The theorem I am reading is as follows:
Suppose $G$ is a connected planar graph. Let $T$ be the set of edges in $G$ which form a spanning tree and let $T^*$ be the set of all edges which are duals of the edges not in $T$. Then the edges of $T^*$ form a spanning tree of $G^*$.
The proof that I want to understand (from this book) proceeds by showing that $T^*$ is acyclic and then connected. What I have a doubt is in that $T^*$ is connected. The argument (slightly changed from the book) is as follows:
We show that $T^*$ is connected. To prove this let $T^*=T_1\sqcup T_2$. Let $U$ be the union of regions in $G$ with capital in $T^*$. $U$ is not the whole plane (no point of $T_2$ belongs to it). Hence the boundary $B$ of $U$ is non-empty. Now $B$ consists of certain edges of $T$, having a region of $U$ on one side and a region not in $U$ on the other side. Therefore there is no vertex of degree $1$ on the boundary, which is a contradiction as that would mean that the boundary yields a cycle in $T$. So $T^*$ is a spanning tree.
I don't understand what is $U$ and why $B$ will be the way he describes.
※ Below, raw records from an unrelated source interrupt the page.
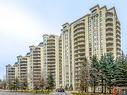 907-1108 6 Avenue Sw, Calgary, AB  - Outdoor With Balcony With Facade 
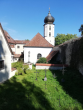 Kloster Inzigkofen, Nonnenfriedhof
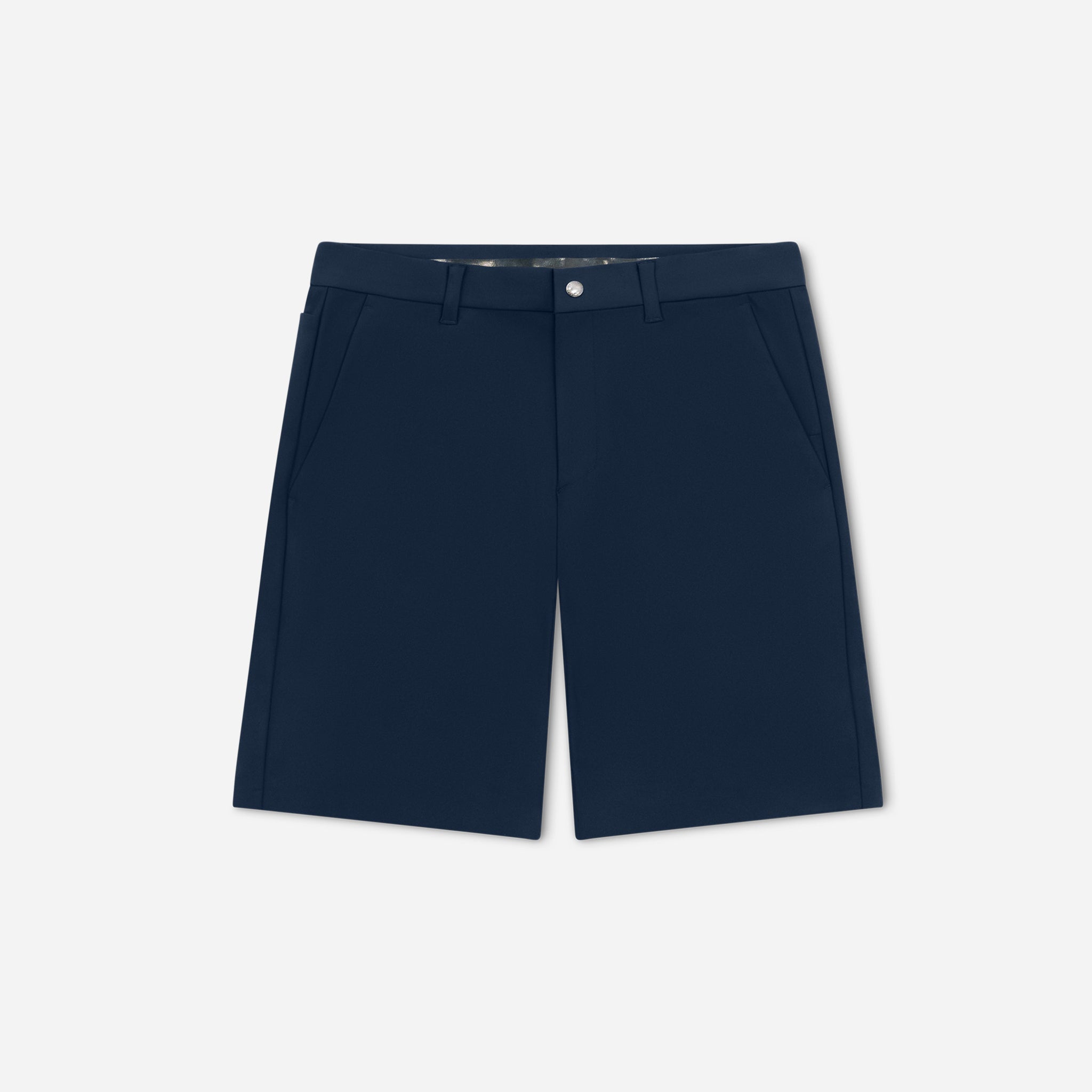 Performance 5-Pocket Short - Midnight Navy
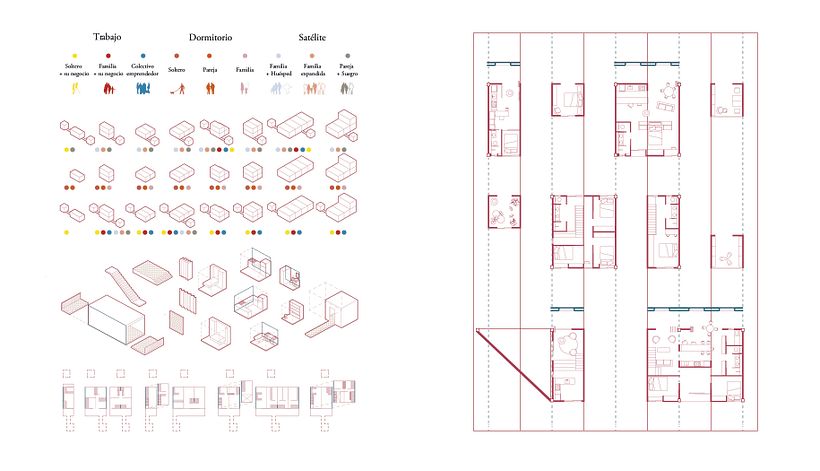  Satélite / Otra forma de vivir el centro  4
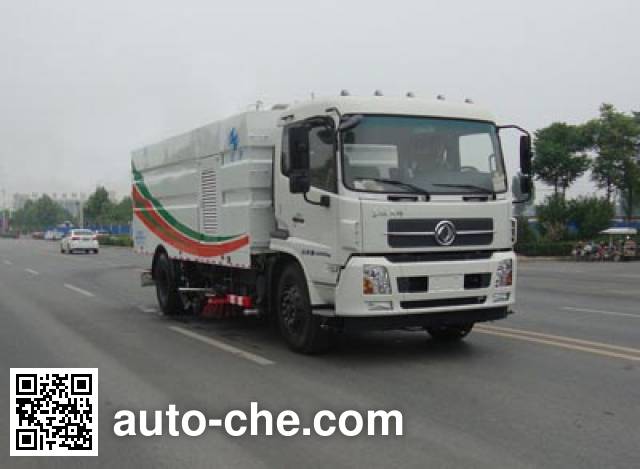 Подметально-уборочная машина Hongyu (Henan) HYJ5160TXS-B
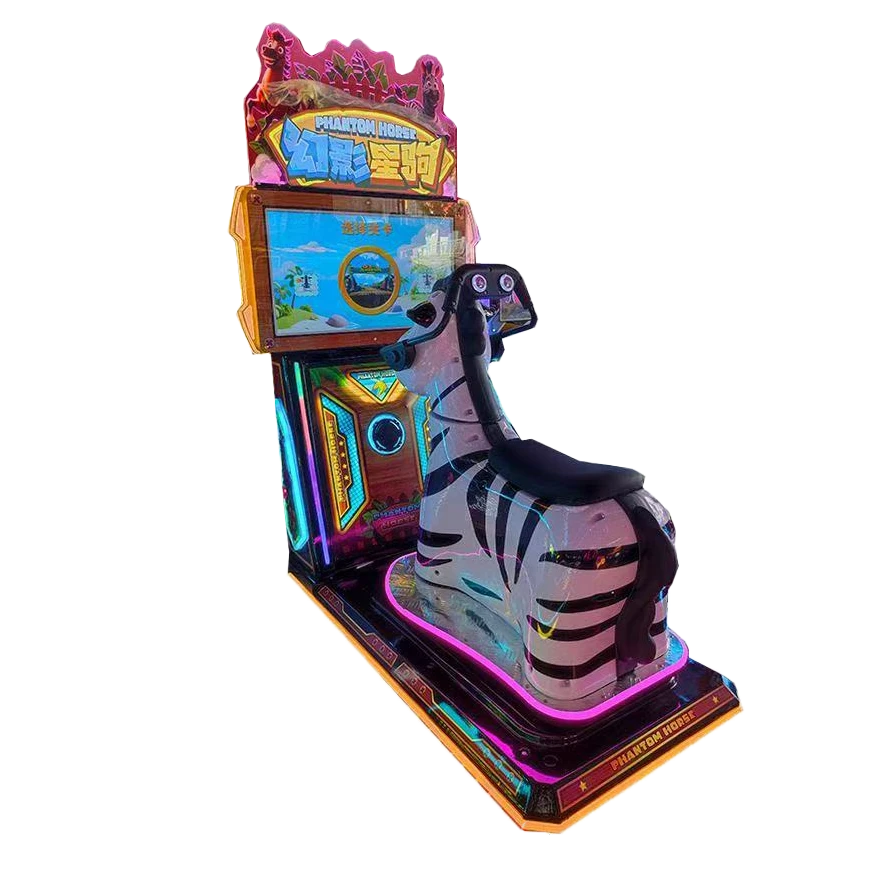 Horse Racing Arcade Machine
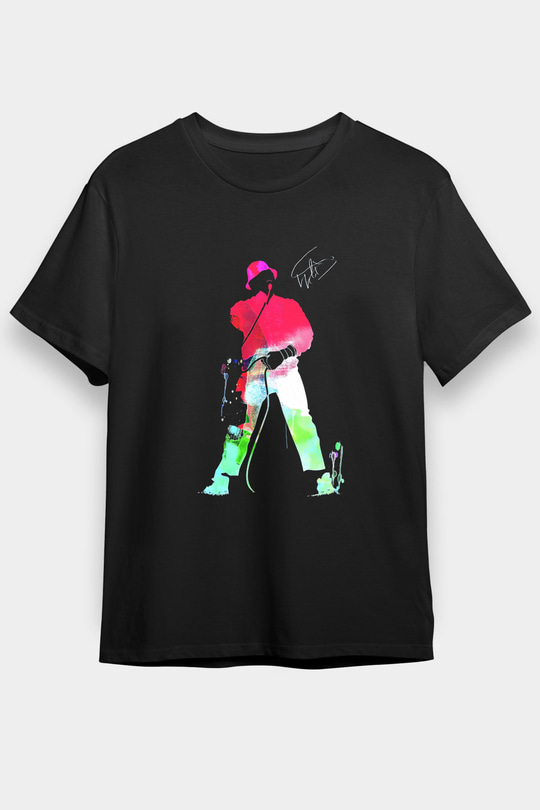 LL Cool J Siyah Unisex Tişört T-Shirt - TişörtFabrikası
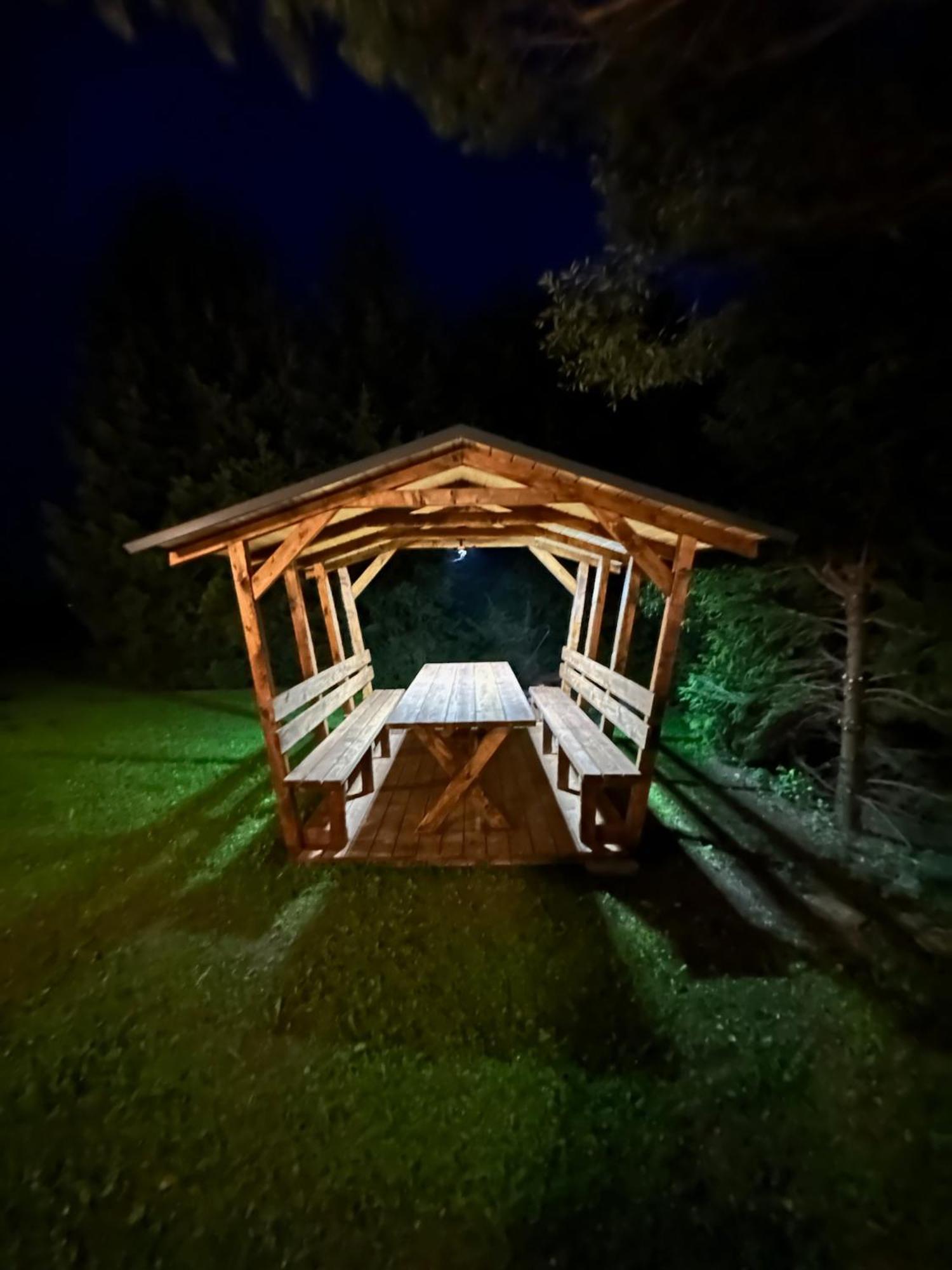 Domek Na Gorze Z Pieknym Widokiem Bukowiec  Exteriér fotografie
What does the author mean by capital?
The proof is fairly simple but badly put. We first assume $T^*$ is disconnected. The author denotes this by $T^*=T_1\sqcup T_2$, but should probably be better written as $T^*=\bigsqcup_i T_i$.
The next line is very badly worded, I think the author means that $U$ is the union of regions of $G$ that contain a particular $T_i$. This follows from the next line, which states that $U$ contains no regions which 'have capital' in some other $T_j$.
The remaining argument states that $U$ is not the whole plane, and so has either an inner boundary, or an outer boundary, or possibly both.
And because this boundary splits $U$ from $U'$ it must be a cycle, which is a contradiction with the premise that the original $T$ is a tree.